What to watch in specific cropping systems
Winter wheat, barley, and oilseed rape are in a stronger position than they were two months ago. Vernalization is largely back on track in central, northern, and eastern Europe. The risk now is that a fast spring compresses the reproductive window. If stem elongation and flowering are squeezed together under warm conditions, grain fill gets shorter. Nitrogen timing matters more than usual: applications should follow actual growth stage, which will run ahead of historical benchmarks.
Perennial crops (vineyards, olive groves, deciduous fruit) have gained from the cold January in terms of chill accumulation. Budbreak should be more uniform than it would have been after the warm December alone. But earlier, warmer conditions after dormancy breaks mean faster development, and faster development means more exposure to any late frost event. The question with frost is not just frequency; it is what stage the crop has reached when the frost hits. A frost at tight cluster is far more damaging than the same frost at dormant bud.
Spring-sown crops (maize, sunflower, sugar beet, potatoes, vegetables) face different establishment conditions depending on region. Wet soils in the southeast may delay planting and create uneven stands. Drier soils in the northeast could offer good tilth but demand attention to seeding depth and seed-to-soil contact. Central Europe is probably the best positioned, with frost-improved structure and adequate moisture.
What to do now
The January cold handed farmers some advantages that the previous warm months had been eroding. Vernalization is in better shape. Soil structure has improved where frost penetrated. Mediterranean drought has eased. None of those gains are permanent, and the projected warm spring means the window to act on them is compressed.
In wet regions (southeastern Europe, parts of Iberia, the western Balkans): protect soil structure above all. Wait for fields to drain below field capacity before entering. A few days of patience now avoids compaction that lasts all season. Inspect drainage systems before the thaw peak.

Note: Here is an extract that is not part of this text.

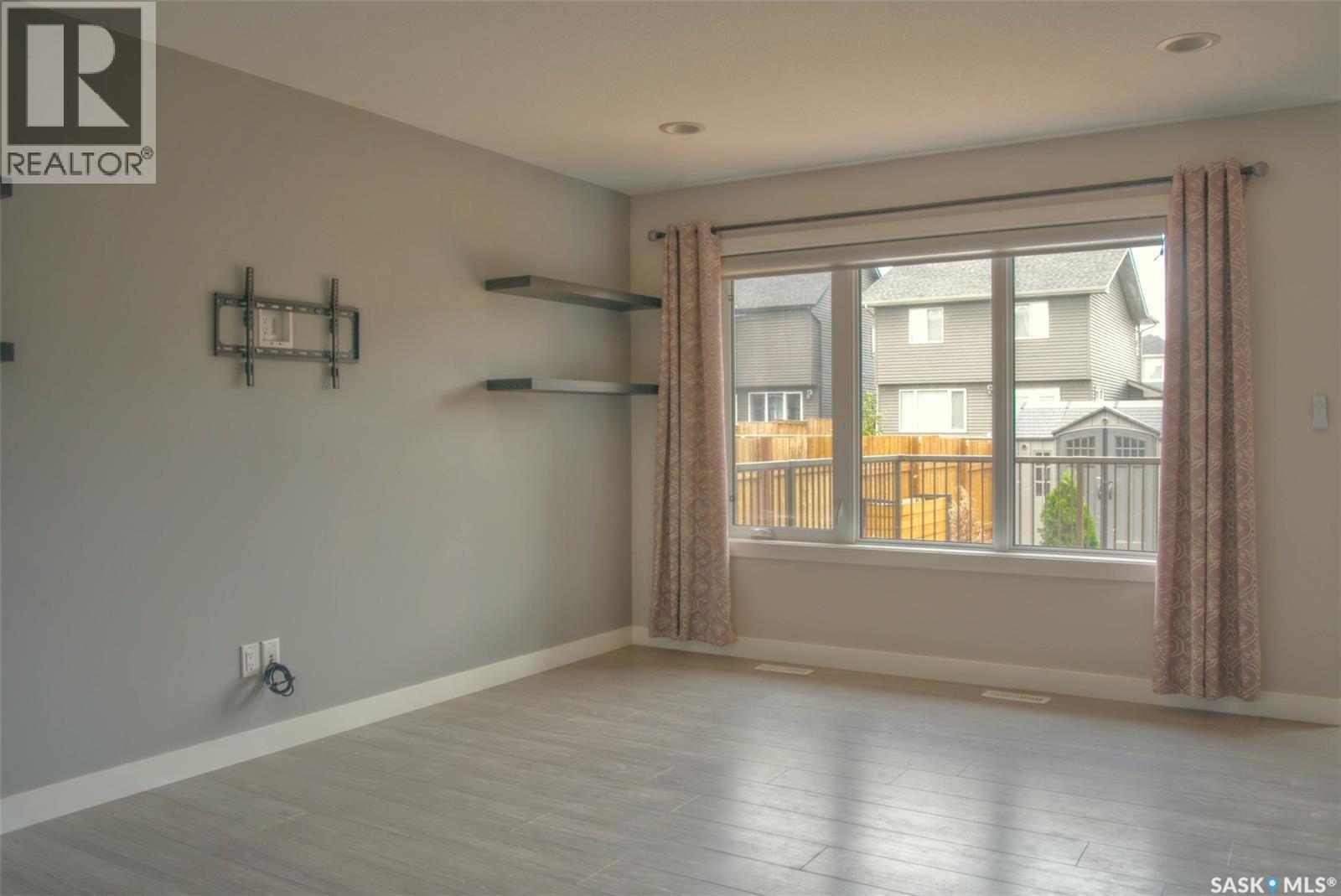341 Germain Manor, Saskatoon, SK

In drier regions (northeastern Europe, parts of Scandinavia): conserve moisture. Keep residue on the surface, minimise tillage, and control weeds early so they do not compete for limited water. If irrigation is available, plan for the possibility that demand arrives earlier than usual.
Everywhere: shift from calendar-based to stage-based management. Scout earlier. Apply inputs earlier. The warm spring will move crop development ahead by one to three weeks, and every operation tied to a fixed date rather than a growth stage risks being late.
Working with what we know and what we do not
The January cold was itself a reminder of forecast limits. It was not predicted by the previous seasonal outlook. Seasonal forecasts describe the most likely average conditions over months; they do not capture individual cold snaps or wet weeks. The clearest signal in this outlook is warmth. Plan around that. Then use field observations, soil probes, crop staging, and local rainfall data, to fine-tune decisions as the season unfolds.
The 2026 spring is starting from a stronger position than it looked like two months ago. The question is whether farmers can move fast enough to match the pace of a season that will not wait.
Note: This article provides guidance based on the latest seasonal outlook data available. Farmers should monitor local weather conditions and consult with regional agricultural extension services for location-specific recommendations.